Nobel Laureate, Wole Soyinka, has urged the current administration of President Muhammadu Buhari to desist from preventing Nigerians their right to protest against the government.
Soyinka, a professor of Literature, expressed his position at the unveiling of an art gallery in commemoration of his 85th birthday in Badagry on Saturday.
He spoke in reaction to the recent lockout at the venue of a public symposium by the police in Lagos, where he and Femi Falana, a prominent human rights activist and lawyer, were to speak against the continued detention of Omoyele Sowore, the convener of the “Revolution Now” movement.
According to the playwright, the quashing of citizens’ gathering to air their grievances indicates that the government is unwilling to listen to criticisms of their actions and decisions.
Soyinka said: “It is important to send a strong message to this government and to the security services to stop trying to muzzle people when they come together to exchange ideas.

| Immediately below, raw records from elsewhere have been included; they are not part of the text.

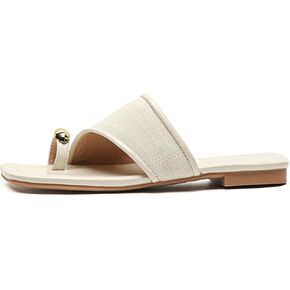 Women's Summer Fashion Outerwear Square Toe Sandals Comfortable And Versatile Open-Toe Lightweight Beach Flat Sandals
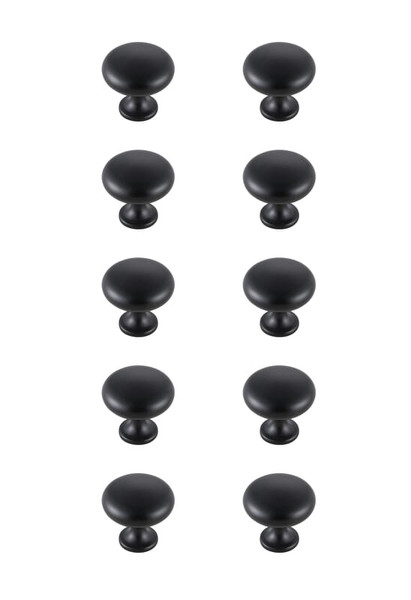 Kitchen And Bath Cadon 1 2 Diameter Matte Black Mushroom Knob Multipack Set Of 10 Kb2002 Mb 10Pk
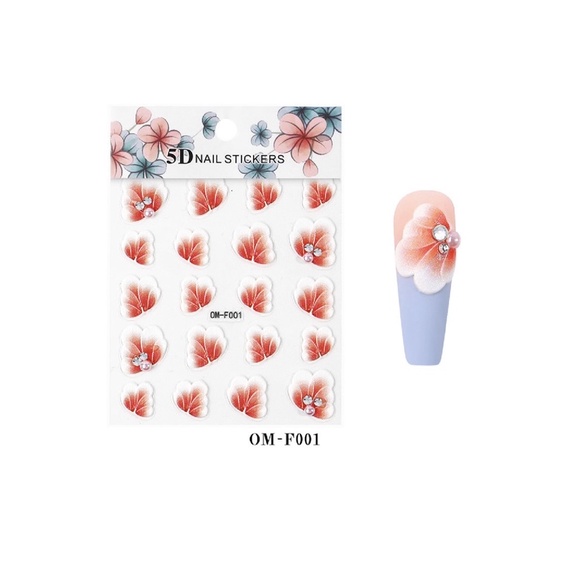 sticker hoa nổi 5d dán móng tay nail ko cần vẽ vời hay đắp hoa
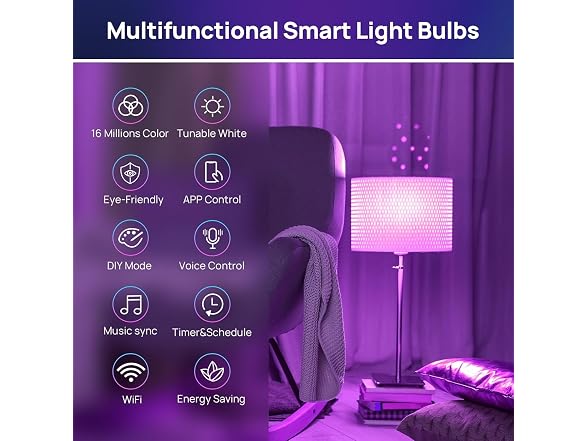 Consciot Smart Light Bulbs, A19 Google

“You’re reducing them as human beings and you’re also reducing yourselves as human beings because it means you’re afraid to listen.”

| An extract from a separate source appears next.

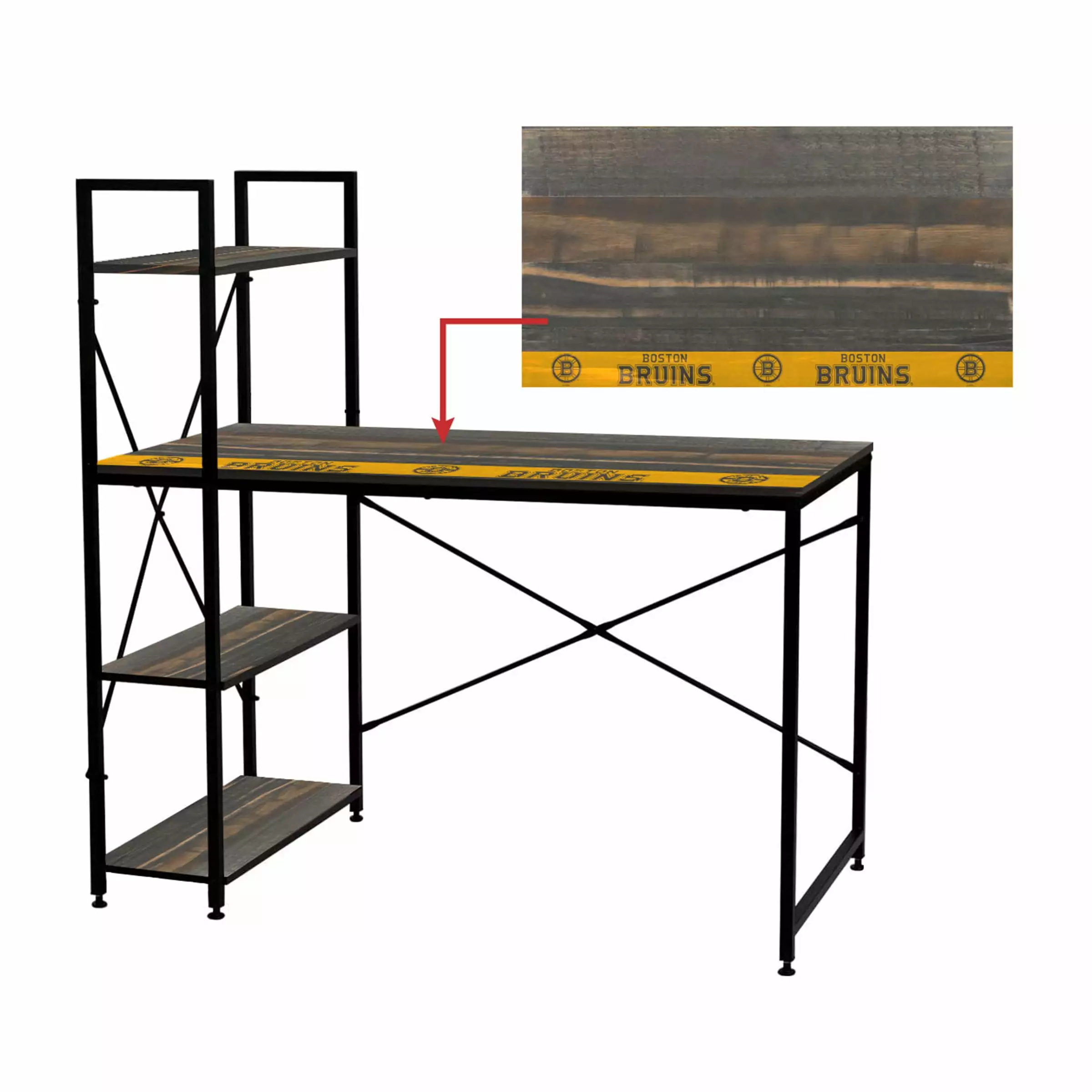 Imperial Boston Bruins Team Office Desk - NHL Themed Home Office Furniture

The “Abiku” poet also told his audience not to believe all the information put out on social media, saying such materials have a multiplier effect.
Lamenting that some statements have been falsely attributed to him on social media, the Nobel Laureate advised Nigerians to regard information from the medium with “a pinch of salt”.
“Be very, very careful what you believe even when you read such materials in social media or sometimes in newspapers because in this country, we have a most fertile multiplier effect,” Soyinka said.
“When somebody hears something, he puts it on the Internet, it spreads and an industry begins as people start commenting on things which never existed.
“Positive, negative or neutral, it doesn’t matter; what matters is that somebody’s identity has been stolen and some contemptible cowards are responsible for stealing that individual’s identity.
“Putting words in his or her mouth and thereby generating totally non-existent irrelevant contestations.
“So, when you read things on social media, take it with a pinch of salt, decide whether it makes sense because the person who posted it might have a private agenda.
“Sometimes on social media, you’ll even see trending quotes supposedly from me, with my name, my photograph, with statements which represents what those people want to say but lacked the courage to say it.”
He urged people to read books when in doubt in order to question the authenticity of what they see on social media.
Soyinka said: “Never turn your back on an opportunity or chance to reading a work or product of somebody’s mind; that way you enter the minds of others, you dispute with them, examine ideas, expand your horizons and make the entire universe a better place.”